水到天边 ——林冠夫与我(二)
大概是在1980年一个草长莺飞的日子,我们班突然来了一个新同学,长发,面容清秀,然而却带一副很夸张的大黑框眼镜,见什么都觉得新奇,不停地问这问那,一口纯正的京腔。那时候,高考临近,同学们几乎都在憋着气读书,教室里弥漫着山雨欲来的气氛。只有他一个人优哉游哉,一脸的无所谓,一脸的心不在焉。有同学悄悄告诉我说:“北京来的,叫林晔,听说他父亲在文化部,大学问家。”
“谁啊?”我装作一副满不在乎的神态。
“好像叫林什么夫。”
“是不是叫林冠夫?”
“对,对,好像是这个名字。”
“哦,我知道,林冠夫,写诗的。”
那同学似乎还想透露一点什么,或者想打探一点什么,我受不了他那副神神秘秘的模样,很不耐烦就把他撵走了。
但是,我是多么渴望与林晔唠唠,唠唠北京,唠唠文化部,唠唠他那个叫林冠夫的爹。
那时候,我正遇到一个问题:好文章或者差一点的文章,譬如说孙犁的《白洋淀》与刘白羽的《长江三峡》,其优劣该如何区别?如果有一个标准的话,那么其评判的标准又是什么?我差不多问遍了学校的每一个语文老师,得到的回答几乎都不知所云。后来我又通过别人小心翼翼地请教了县里的几位大文人。其中一位说,这是一个文学鉴赏问题,属于文艺理论的范畴,上大学中文系以后就知道了。
我很犹疑,我的老师大都出身于杭大中文系、兰大中文系、华师大中文系,然而,能说清这个问题者,庶几?
但是,林冠夫肯定知道。我想。
也许是一个16岁少年无知的自负,或者出于一份莫名其妙的自尊或自卑,我硬是装出一副拒人于千里之外的神态不与林晔接近。好几个星期过去了,他与全班同学几乎都混熟了,而我还挺着,一脸的无所谓。

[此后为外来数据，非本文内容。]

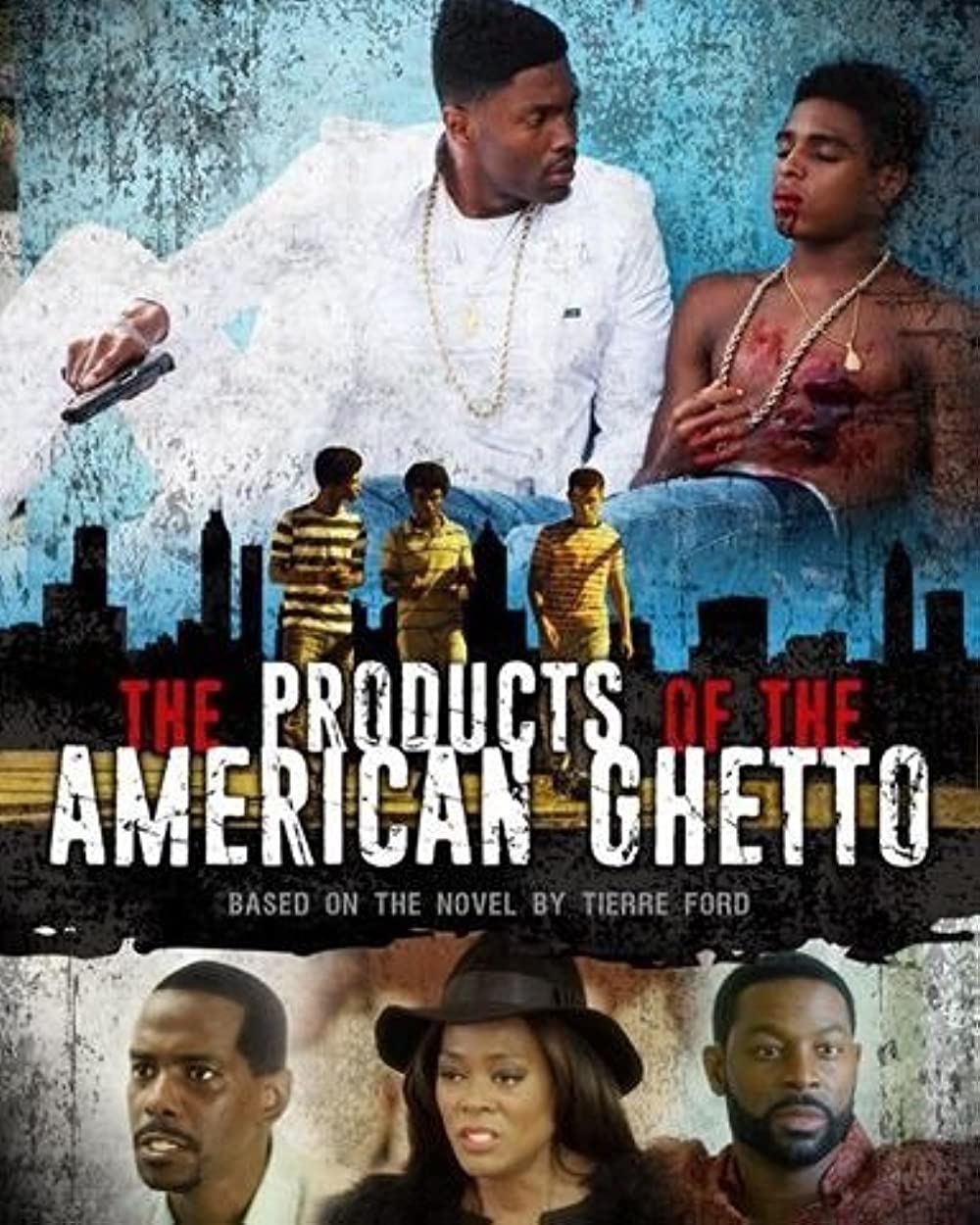 The Products Of The American Ghetto (2018)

突然有一天,好像是下午的自修课,林晔径向我走来。开始,我还以为他是来找我的同桌。直到他站到我的面前,乐呵呵地叫着我名字的时候,我才突然感到惊讶。我直愣愣地站起来,惊喜,感动,并且不知所措。
他说:“我们出去走走吧。”我马上同意了。
那天,在学校旁的田埂上,我们走了很久,坐了很久,我们的话题海阔天空,愤世嫉俗或者指点江山,当然,也包括之于未来的美好眺望……
他说:“我第一个就注意你了,你语文老逃课,你的作文我也看过,你仿写的那些四六骈文,挺好。”
唯独,我们没有谈起林冠夫。
我们马上变得十分亲密了,友谊像春草一样在我们心中漫无边际地生长,那是一个多么适宜于生长友谊或者爱情的年龄啊。

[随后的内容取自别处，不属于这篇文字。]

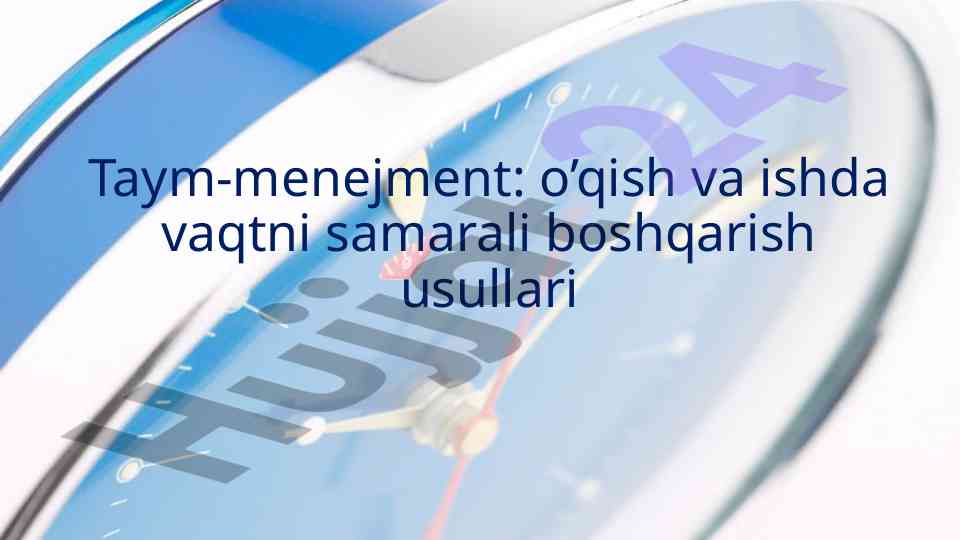 Vaqtni boshqarish usullari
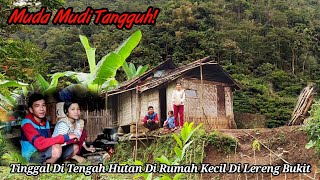 TANGGUH..!! Kisah Pasangan Muda Mudi Yang Tinggal Di Rumah Kecil Tengah Hutan Di Lereng Bukit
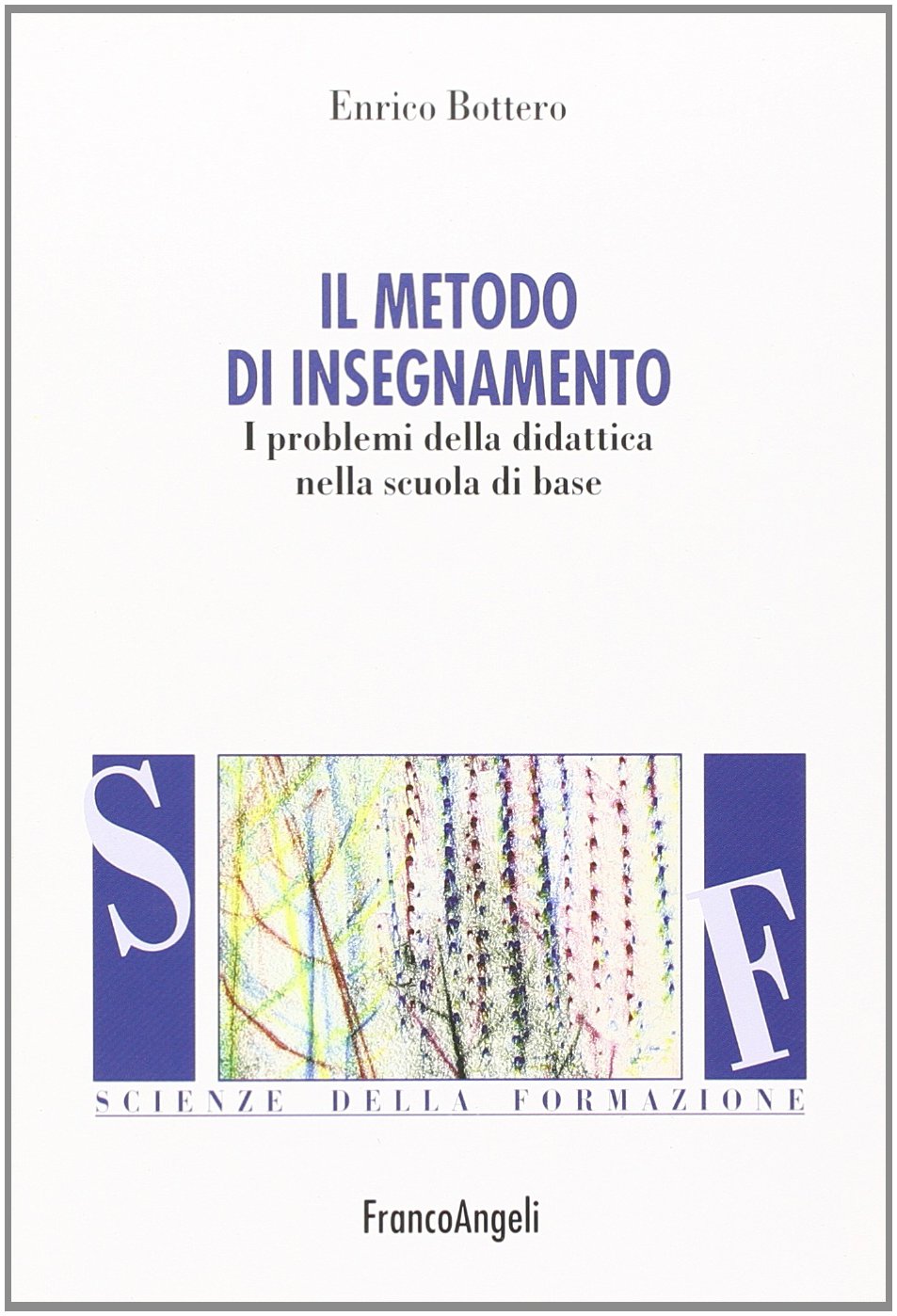 Il metodo d'insegnamento. I problemi della didattica nella scuola di base (Scienze della formazione. Manuali) Education & Training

不久,也就是说高考之后,林晔就要返京了,就要回到他父亲的身边。尽管我们心里都明白,我们很快会见面。我们还那么年轻,还有那么多富裕的时间,漫长的道路,广大的世界,我们肯定会走到一起。但是,我还是在赠别的留言里,写下了江淹那句最著名的话:春草碧色,春水绿波,送君南浦,伤如之何!
实际上,当我们再见面的时候,已在八年之后,我都已经是一个孩子的父亲了。
1988年4月,我到中国社科院文学所进修。同是春天,北方的世界可见不到什么莺飞草长,乍到一个人地两疏的城市,我寂寞而且孤单。我反复给他打电话,终于打通了,他却急急忙忙说:“我马上要到陕西采访,没时间见面了,你快到我家,找林冠夫。”
我当然没有马上去,一个在我心目中如此尊敬并且素未平生的长者,我岂敢冒昧,我诚惶诚恐。